The story here is one of almost banal simplicity: a young girl named Ofelia (Ivana Baquero) and her mother Carmen (Adriana Gil) go to live with Captain Vidal (Sergi Lopez, the very vision of evil incarnate) in the aftermath of the Spanish Civil War. Carmen is carrying Vidal's baby and it's quite clear that that's the only reason he married her in the first place. Ofelia herself spends hours reading while the Captain brutally executes guerrilla rebels in the hills around their military post. Ofelia, ever the bookworm, gets sucked into a fairytale where she is the princess of a long lost underground kingdom. In order to return there (and subsequently escape fascism and the evils it entails) she must complete three tasks as ordained by Pan (Doug Jones), a faun whose very syntax sends shivers up my spine. The tasks involve large fig trees, fairies, giant toads, and a demon known as the Pale Man (Doug Jones) that sits forever inert at a subterranean dinner table...waiting for his next victim.

All the while that Ofelia is scurrying about completing tasks and being wonderfully resourceful, there is a story of tragic insurgency going on in the "real world" (I use that because here, in this dark and disturbing myth, where does reality end and fantasy begin?). The captain spends days oppressing the village he protects while his maid Mercedes (Maribel Verdu, on loan from Alfonso Cuaron's Y Tu Mama Tambien) spends equally as much time secretly trying to thwart him. Indeed one of the film's many great climaxes occurs as Mercedes escapes Vidal's torture using only a small blade and her own steely resolve.

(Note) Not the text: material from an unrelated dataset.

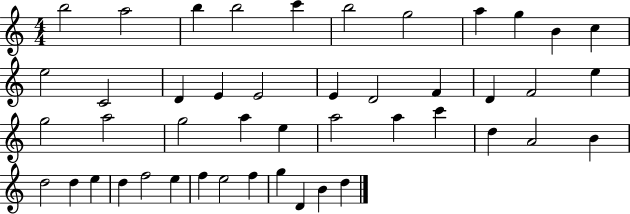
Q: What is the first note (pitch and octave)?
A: B5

What Guillermo Del Toro has created is a terriying fairy tale and a twisted war story. The genius of his creation however is that he blends the two seamlessly. His intuition into Ofelia's imagination is so deeply felt, that it is impossible to tell whether she is the subject of her own mental sanctuary or whether she reallly is to be a Princess in her own secret kingdom. The fantastical imagery itself could have made this a great horror story but Del Toro is willing to reach deeper and come up with a film of shocking emotional ferocity. The word masterpiece is much to common for this movie, but it is most definitely Del Toro's masterwork. He's taken elements from everything he's ever touched (be it the monsters of Mimic, or the cracked characters of Hellboy, or even the atmosphere of The Devil's Backbone) and created one of the most inventive, rich, powerful spectacles of cinema I have ever seen. It shook me to my core and has haunted my dreams for days.